I’ve said it once, I can’t say it enough: whether a particular wireless phone service works for you depends greatly on your geographical location. I don’t care if AT&T is the fastest, or if Verizon Wireless has the widest coverage. What I care about is whether a particular service works where I live. Yet, sucker that I am, I assumed that Verizon Wireless with their fantastic coverage would simply work in my house. It does not. As a result, my new Droid does not work for me. Here’s what happened.
My wife Tanya wanted to run out for a few errands today, so I took the opportunity to pop into my local Verizon Wireless store to get my new Droid activated. No problems there. In-store activation was a snap. I signed up for month-to-month, fewest minutes possible, with the intention of using it to replace my wife’s phone (we make very few calls).
Tanya previously had not wanted data on her phone, but just this week, her office locked down on Internet usage, keeping her out of her personal email and websites. Thus, it’s a good time for her to get email, web, and Pandora on her phone. Plus, now she won’t be asking for my iPhone every time she wants to take a photo of the cats (though she probably still will).
So that was all fine and dandy. But after I got home and started finishing setup with other services, specifically Google Voice, I found I wasn’t getting a signal in my basement. Didn’t concern me too much. My iPhone gets a 3G signal in my basement, but it’s inconsistent and drops completely in certain spots. No big deal for the Droid, I thought, I’ll just move upstairs to finish. But to my surprise, that didn’t work either.
After some experimentation, I found my Droid would get a signal on the top floor… near a window. Even standing outside, on ground level, resulted in a weak signal and, yes, I did drop a call. Apparently, the mighty Verizon Wireless network has trouble piercing the shroud of trees that surrounds my house, same as I’ve found with the Sprint network (whose HQ is only a mile away). Possibly that’s a CDMA limitation; I’ll have to look into it.

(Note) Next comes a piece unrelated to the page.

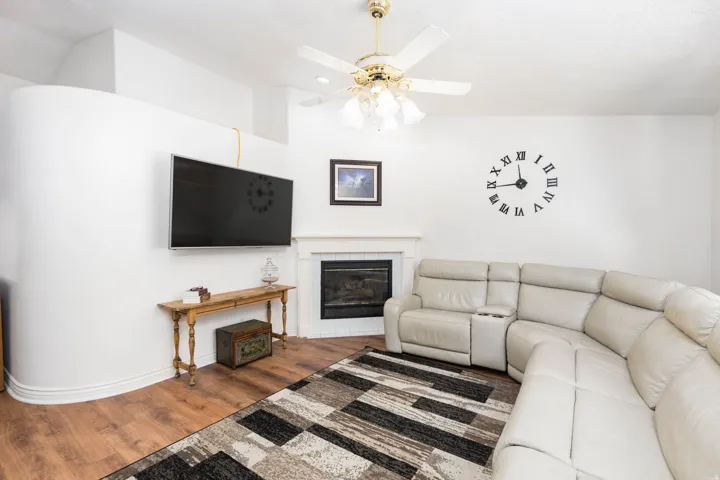 Corner fireplace with a white mantel, wood-finish flooring, and a ceiling fan with integrated lighting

Anyway, despite that limitation, the Droid is not an automatic FAIL for us. My wife prefers to use the home phone for calls, her Google Voice number is set to ring both home and mobile, and we have wifi for data at home. The real test will be whether it works for her at the office, where we want her wireless data to work. Shouldn’t be any problems there, but I wasn’t expecting any problems at home either, so we’ll see.
Regardless, it looks like I’m not going to be switching from AT&T anytime soon. Unlike my wife, I prefer to use my mobile phone for calls and have used it for backup when the power has gone out, taking the home broadband with it. Again, wireless coverage maps and download speed tests are fine for showing off, but they don’t tell me if I’m covered where I live. Xavier’s got T-Mobile antennas going up where he lives. I’ve got AT&T 3G in my basement. Go with what works for you.